Yes, your ideda is right. For example $n$-qubit GHZ state, i.e. $\frac{1}{\sqrt{2}}(|0 \dots 0\rangle + |1 \dots 1\rangle)$ is maximally entangled since knowing (measuring) state of only one qubit determines state of others.

On the other hand, so-called W-states (e.g. 3-qubit version $\frac{1}{\sqrt{3}}(|100\rangle+|010\rangle+|001\rangle)$) are also entangled but not maximally. If you measure one qubit and get $|1\rangle$, you know that others are in state $|0\rangle$. However, if the measurement returns $|0\rangle$, you have to measure other qubits until you get $|1\rangle$. Only then you can say that others are in state $|0\rangle$.
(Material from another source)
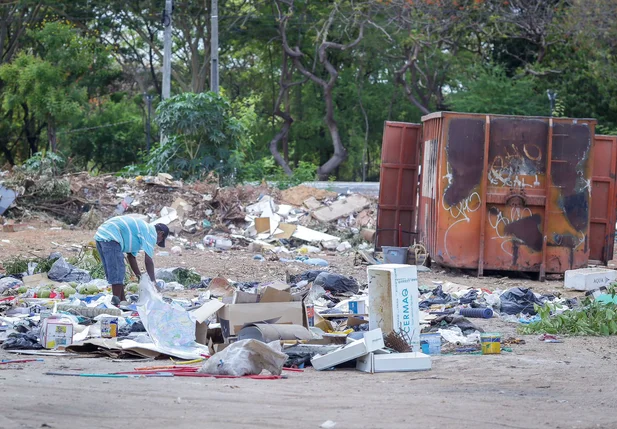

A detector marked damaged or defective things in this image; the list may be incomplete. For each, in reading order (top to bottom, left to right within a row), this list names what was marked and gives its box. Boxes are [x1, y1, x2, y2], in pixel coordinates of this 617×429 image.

rusty dumpster container [416, 111, 596, 278]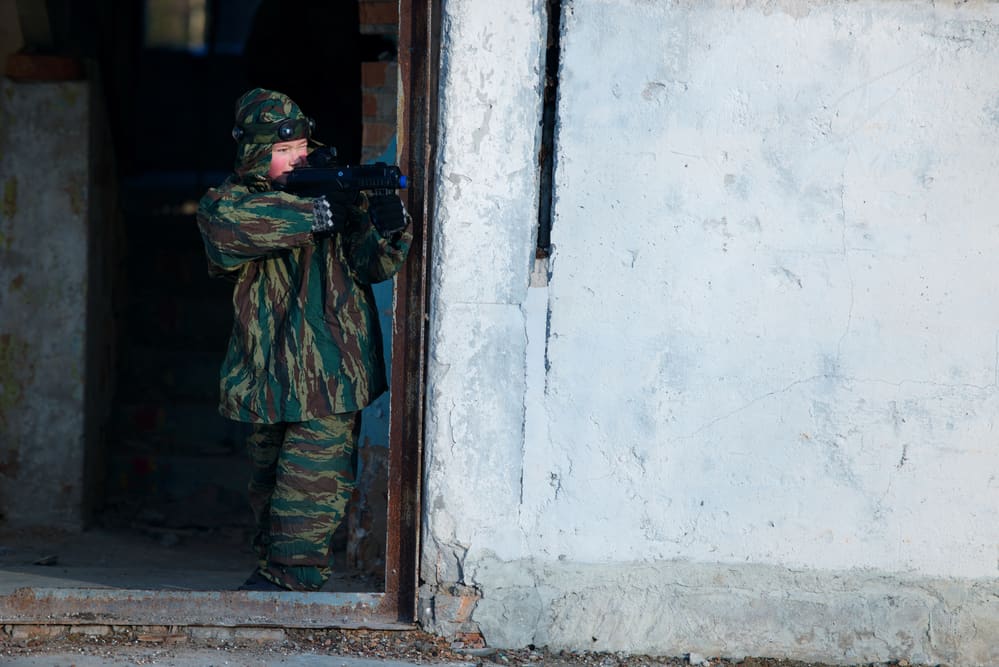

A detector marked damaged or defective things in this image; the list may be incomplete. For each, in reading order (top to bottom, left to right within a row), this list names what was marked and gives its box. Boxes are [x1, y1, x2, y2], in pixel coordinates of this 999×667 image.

rusted metal edge [0, 588, 414, 628]
rusty metal door frame [0, 0, 438, 632]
In other words, in maximally entangled state, information is saved with maximal possible redundancy. Decreasing amount of entanglement increases entropy. Once there is no entanglement you cannot infer with certainity states of other qubits by measuring just a few ones. An extreme case is uniformly distributed state $\frac{1}{\sqrt{n}}\sum_{i=0}^{2^n-1}|i\rangle$. In this case, all $2^n$ results are possible with same probability (like fair dice). This is a state generating maximally entropic distribution.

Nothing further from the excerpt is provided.